In order to measure the real performances of our algorithms, we have tested them on some test programs get from real-life applications. These consist of code fragments from the *Perfect-Club* [18] and *HLSynth95* [85] benchmarks. The *PerfectClub* benchmarks represent applications in a number of areas of engineering and scientific computing and the *HLSynth95* benchmarks, more specifically, represent a repository of applications in embedded systems.

## B.1 1995' High-Level Synthesis Design Repository

*HLSynth95* represents a set of designs that can serve as examples for High-Level Synthesis systems. Indeed, it contains many applications and modules widely used in embedded systems. The designs vary in complexity from simple behavioral finite state machines to more complex designs such as microprocessors, floating point units, image processing applications, ....

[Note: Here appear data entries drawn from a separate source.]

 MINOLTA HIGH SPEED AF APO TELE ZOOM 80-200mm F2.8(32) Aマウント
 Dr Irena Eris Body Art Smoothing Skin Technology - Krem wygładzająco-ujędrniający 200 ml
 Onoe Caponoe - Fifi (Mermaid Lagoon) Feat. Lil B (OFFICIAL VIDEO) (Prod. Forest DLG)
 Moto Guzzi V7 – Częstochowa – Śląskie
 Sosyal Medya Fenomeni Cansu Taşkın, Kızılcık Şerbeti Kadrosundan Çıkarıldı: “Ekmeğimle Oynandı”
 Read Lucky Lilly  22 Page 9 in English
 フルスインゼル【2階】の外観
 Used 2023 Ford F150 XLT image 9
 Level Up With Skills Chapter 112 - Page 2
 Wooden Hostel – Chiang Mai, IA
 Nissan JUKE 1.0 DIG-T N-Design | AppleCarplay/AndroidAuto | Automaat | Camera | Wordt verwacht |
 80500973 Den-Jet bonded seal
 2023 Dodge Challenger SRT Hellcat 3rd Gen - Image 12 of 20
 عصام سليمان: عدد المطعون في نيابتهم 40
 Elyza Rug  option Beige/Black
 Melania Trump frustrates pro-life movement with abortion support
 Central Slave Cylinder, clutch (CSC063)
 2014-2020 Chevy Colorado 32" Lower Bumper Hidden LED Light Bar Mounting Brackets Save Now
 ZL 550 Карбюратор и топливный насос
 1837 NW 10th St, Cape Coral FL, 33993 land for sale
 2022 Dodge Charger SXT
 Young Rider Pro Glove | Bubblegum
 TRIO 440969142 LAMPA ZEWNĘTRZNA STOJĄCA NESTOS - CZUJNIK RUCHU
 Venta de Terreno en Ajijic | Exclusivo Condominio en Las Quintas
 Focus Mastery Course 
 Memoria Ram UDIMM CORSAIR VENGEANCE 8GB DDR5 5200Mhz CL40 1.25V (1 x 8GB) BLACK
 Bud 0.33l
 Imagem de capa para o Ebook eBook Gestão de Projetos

The designs are in C or VHDL languages. All of these designs are available from the design repository at U.C Irvine university (anonymous ftp://ics.uci.edu/pub/hlsynth). Mainly, we have selected the designs described at the behavioral level. Table B.1 summarizes some of the important aspects related to the functionality of these designs, such as typical control features present, style of description and major data types used. The number of lines of code is mentioned to give a rough idea of the design's size.

## **B.2** PerfectClub Benchmarks

The PerfectClub –For "**PERF** ormance **E**valuation for Cost-effective **T** ransformations"– suite is a set of thirteen programs that total well over 50,000 lines of source code [18]. They represent application in a number of area of engineering and scientific computing, and in many cases they represent codes that are currently used by a number of computational research and development groups. This repository has been originally developed in order to measure performances of parallel architectures and supercomputers.

Our benchmark are simple kernels rather than full-fledged applications, which are much more complex. However, the added complexity is a problem for symbolic scheduling. Indeed, the PerfectClub benchmarks are chosen as they contain scientific applications which contain more parallelism through nested loops. These applications are the most aimed by our general scheduling strategies. Table B.2 reports some features of a part of these designs.

| Design Name       | Design Description                 | Design Level                  | Control fea-<br>tures                | Data types                                | Lines of Code |
|-------------------|------------------------------------|-------------------------------|--------------------------------------|-------------------------------------------|---------------|
| FP_Adder          | Floating Point Adder               | Algorithmic<br>Behavior       | Nested Ifs<br>For loops<br>Proc/Func | Bit Vector In-<br>teger Enum              | 640           |
| FP_Mult           | Floating Point Multi-<br>plier     | Algorithmic<br>Behavior       | Nested Ifs<br>For loops<br>Proc/Func | Bit Vector In-<br>teger Enum              | 425           |
| FP_Divider        | Floating Point Divider             | Algorithmic<br>Behavior       | For loops Case<br>Stmt               | Bit Vector In-<br>teger Enum              | 410           |
| Barcode           | Barcode Reader                     | Algorithmic<br>Behavior       | Nested Loops                         | Bit Vector In-<br>teger                   | 110           |
| Adaptive          | Chip Adaptive Interpo-<br>lation   | Algorithmic<br>Behavior       | Func Calls<br>Nested Loops           | Multi Dimen-<br>sional Integer<br>arrays  | 810           |
| Memory (7 models) | Image Processing Ap-<br>plications | Algorithmic<br>Behavior       | Func Nested<br>Loops                 | 2-Dimensional<br>Float arrays             | 140           |
| Beamformer        | Filter                             | Vector Prod-<br>uct/Summation | Nested For<br>Loops (4<br>levels)    | 3-Dimensional<br>Integer arrays           | 100           |
| Jacobian          | Robot Motion Compu-<br>tation      | Algorithmic<br>Behavior       | For Loops                            | 2-Dimensional<br>Double Integer<br>arrays | 450           |
| FFT               | Fast Fourier Transform             | Algorithmic<br>Behavior       | Nested While<br>Loops                | Array of Bit<br>Vector                    | 145           |

Table B.1: Features of Designs.

| Program | Application          | Control Features      | Lines of Code |  |
|---------|----------------------|-----------------------|---------------|--|
| ADM     | Air Pollution        | Nested Ifs, For loops | 6 142         |  |
| SPICE   | Circuit Simulation   | For loops             | 18 304        |  |
| OCEAN   | Computational Fluid  | Nested Ifs, For loops | 4215          |  |
|         | Dynamics             |                       |               |  |
| SPEC77  | Weather Simulation   | Nested Ifs, For loops | 3880          |  |
| MDG     | Liquid Water Simula- | For loops             | 1231          |  |
|         | tion                 |                       |               |  |

Table B.2: Part of the PerfectClub Benchmarks Suite.